Review: Doctor Who: Prisoners of Time, Volume 1 by Scott & David Tipton et al.

Comic PDF eBook, 98 pages
Published 2013 (contents: 2013)
Acquired May 2014
Read December 2014
Doctor Who: Prisoners of Time, Volume 1

Written by Scott & David Tipton
Art by Simon Fraser, Lee Sullivan, Mike Collins, and Gary Erskine
Colors by Gary Caldwell, Phil Elliott, and Charlie Kirchoff
Letters by Tom B. Long

One of the things to like about the 50th anniversary of Doctor Who was how well the timing worked out. There were twelve months and eleven Doctors, which meant a number of different media celebrated by giving each Doctor in turn across the months: audios, prose, and, indeed, comics.

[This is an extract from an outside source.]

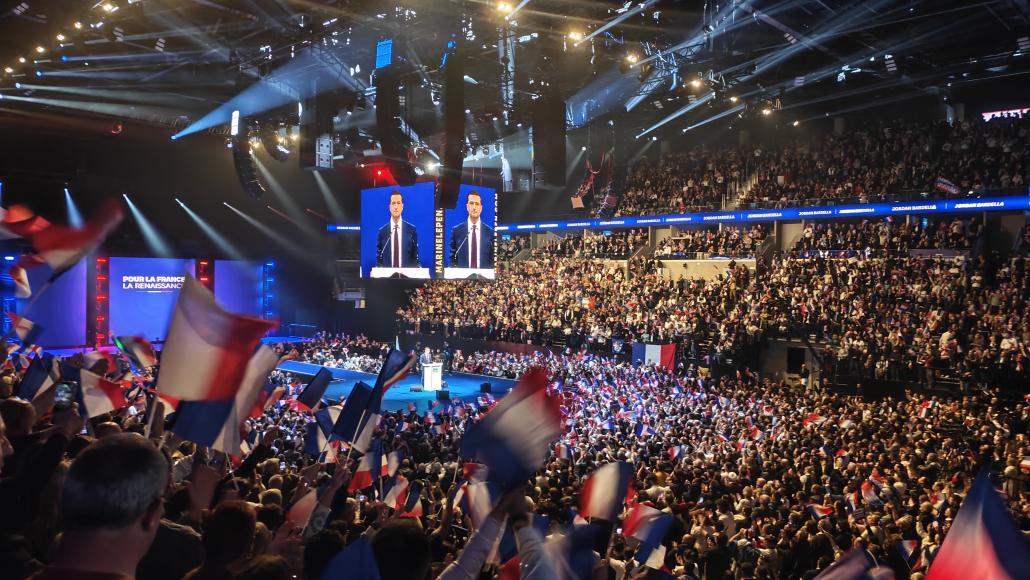 Jordan Bardella en meeting à Orléans, le 25 octobre 2026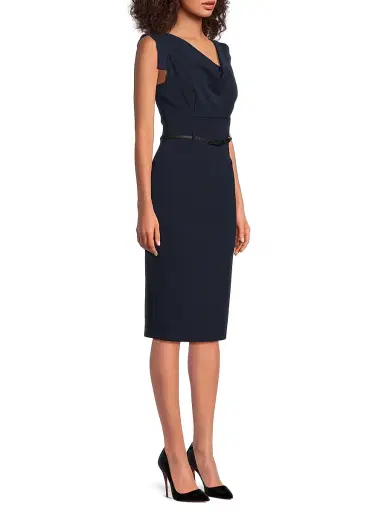 BLACK HALO Women's Jackie Belted Sheath Dress | Thumbnail 4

Only it's coming from Scott & David Tipton, and though their Star Trek comics can be good, one might suspect that after Assimilation² they shouldn't be allowed anywhere near Doctor Who ever again.

Prisoners of Time isn't quite that bad, but it's not altogether good, either. Volume 1 collects stories featuring the first through fourth Doctors, which sometimes get the feel of the eras, and sometimes do not. The first Doctor one, though, has the laughably basic mistake of the Doctor being able to steer the TARDIS correctly while traveling with Ian and Barbara. (Also, Barbara and Vicki are stared at when they attend a lecture by Thomas Henry Huxley, because women are supposedly an unusual sight in a science class... but that just would not have been true in 1868, I think. Women would be outnumbered, but they wouldn't be absent-- science hadn't been professionalized yet!) The second Doctor one is a pretty solid pastiche of its era, and I liked that the third Doctor one united Sarah Jane Smith and Liz Shaw, though it didn't really do anything with that combination behind have them run around behind the Doctor. The fourth Doctor one has him fighting the Judoon, but isn't as fun as one might hope from that.

As is often the case with IDW's Doctor Who comics, the art is inconsistent. There are no individual art credits in my collected edition, but I'm going to assume that the well-drawn second and third Doctor chapters were by Lee Sullivan and Mike Collins, stalwarts of Doctor Who Magazine who know how to do Who in comic form-- I don't know why IDW waited so long to tap them! The second Doctor chapter is particularly nice, with the characters looking on-model without being overly referenced, and a lot of varied background aliens livening it up.

The first Doctor story is really let down by some awful likenesses, especially as it introduces the recurring threat through this series: an unknown enemy kidnapping the Doctor's companions. This enemy looks at pictures of the Doctor's companions, and you can barely tell which one is which! Or in some cases, I have no clue at all. Thomas Brewster might even be in there (I think), but surely the Doctor would be grateful if he was kidnapped?